Unmanned aerial vehicle (UAV) topography

This is a new technology we are going to use in a wind farm we are going to build in Chile.

The area that we need is too small to make LIDAR topography cost effective, but too big to use standard field topography: with this new solution we can have the needed data for a reasonable price.

The vehicle comes in 2 shapes: airplane like (fixed wing) and helicopter like (rotatory wing).
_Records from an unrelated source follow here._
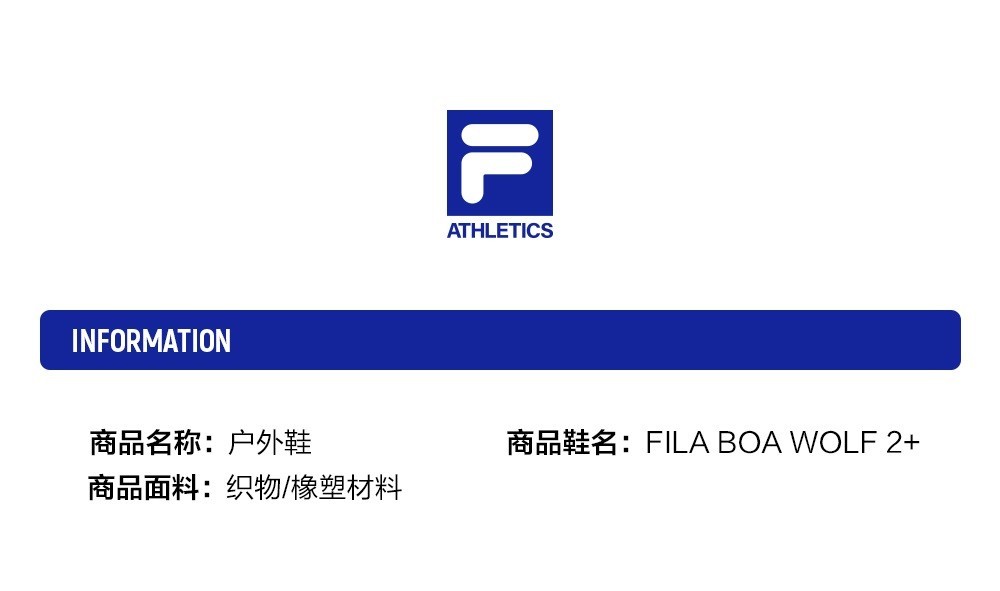 FILA CORE ATHLETICS SPORT PERFORMANCE BOA WOLF 2+ Men Sneakers (Black ...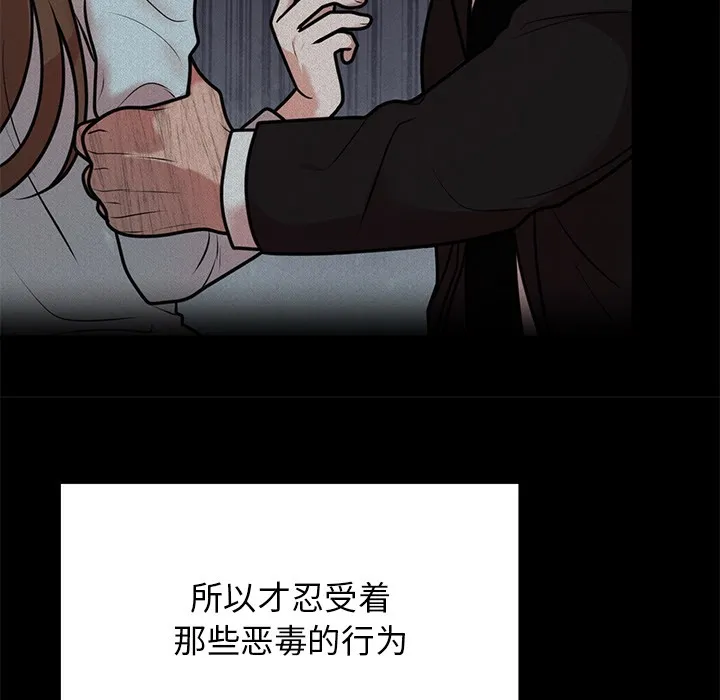 婚姻束缚 第1话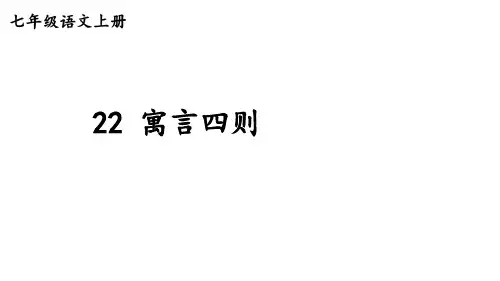 第24课《寓言四则》课件-2024-2025学年统编版语文七年级上册(2024)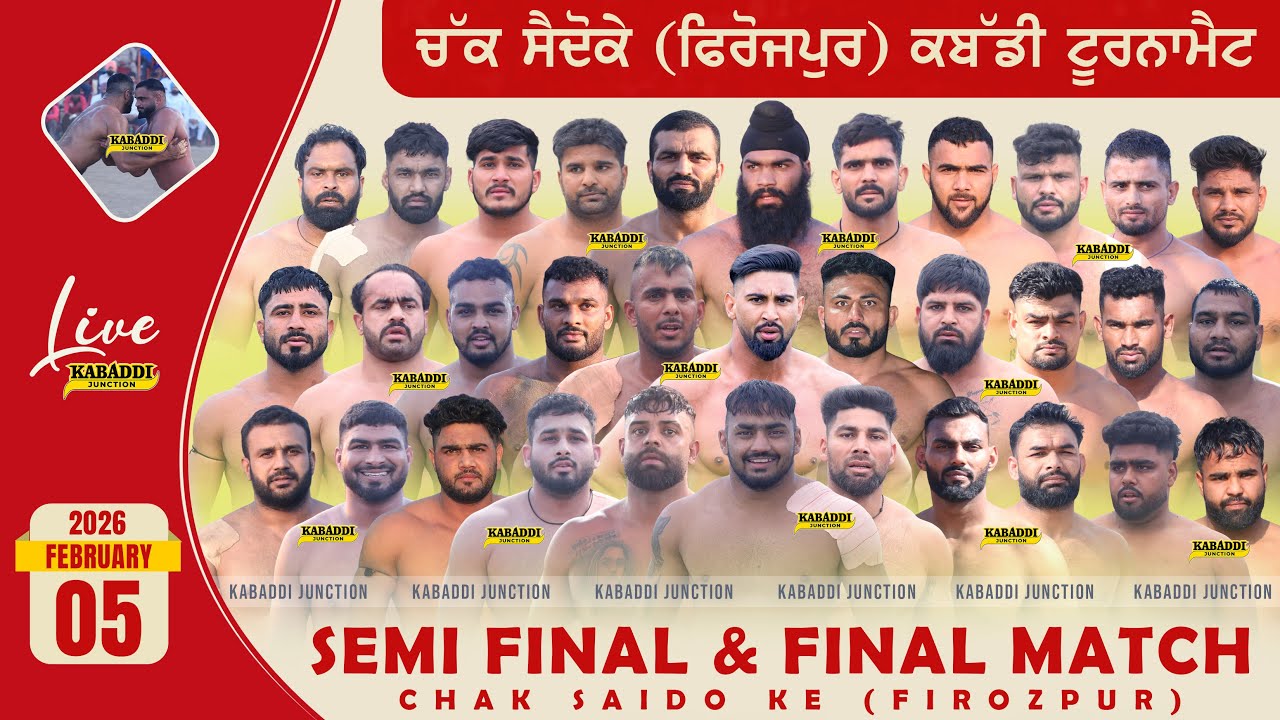 Semi & Final Match | Chak Saido Ke (Firozpur) Kabaddi Tournament Live | 5 Feb 2026
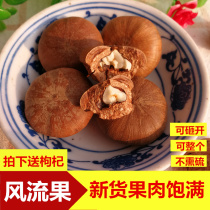 Fengliu fruit glans fruit Tianzhu granules glans fruit Chinese medicinal material kidney fruit 1 catties
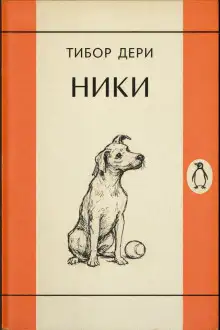 Обложка книги Ники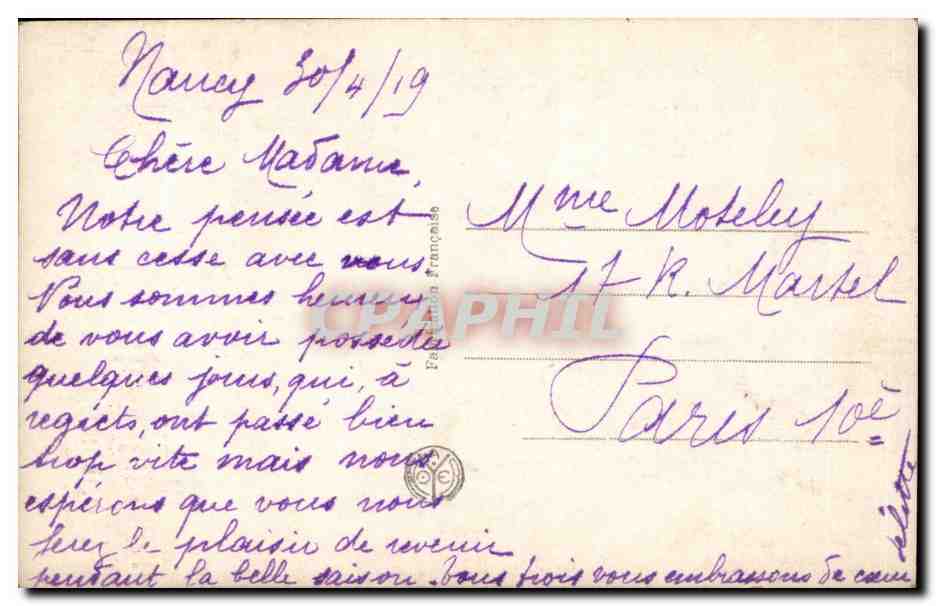 Fantaisie - fleur - Muguet porte bonheur - rosy sky - CPA  — Verso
The fixed wing plane is launched with a sling.

The vehicle weight around 3 kilos, and it can fly for about 1 hour at a height of a couple hundred meters, with a speed of about 75 Km/h.

It is possible to obtain several useful outputs:

  • Cartography
  • Digital Model of the Terrain
  • Aerial pictures
  • Thermography
  • Multispectral images
  • Video

It normally flies alone without any input, but it can be used with a remote control as well.

The main advantage is that it is clearly cheaper: you don’t need to book a flight, wait for a days without clouds (because you can fly lower) and it’s quick and safe.


Wind Farm LIDAR topography

LIDAR topography is the best available solution available nowadays.

We have used it in several wind farms and I’m enthusiast of the results. It can be used to define earthworks with great precision.

Basically it is made with an airplane flying with a laser, a digital camera and a GPS.

The laser “sweep” the requested area and a receiver on the plane register the laser beam waves reflected by all the surfaces. At the same time high quality digital pictures are taken, and the position of the plane is registered thanks to the GPS.

This is how the equipment used looks like:

After the flight, the cloud of point obtained is filtered: first of all points are divided in classes, depending on the type of reflection (“echoes”). Groups of points representing trees, bushes, buildings and so on can be defined.

In the second filtering the intensity of the reflected beams is considered (vegetation and ground reflect with very different intensity).

The next step is to calculate a mean between different laser passages, as the same point may appear in slightly different coordinated.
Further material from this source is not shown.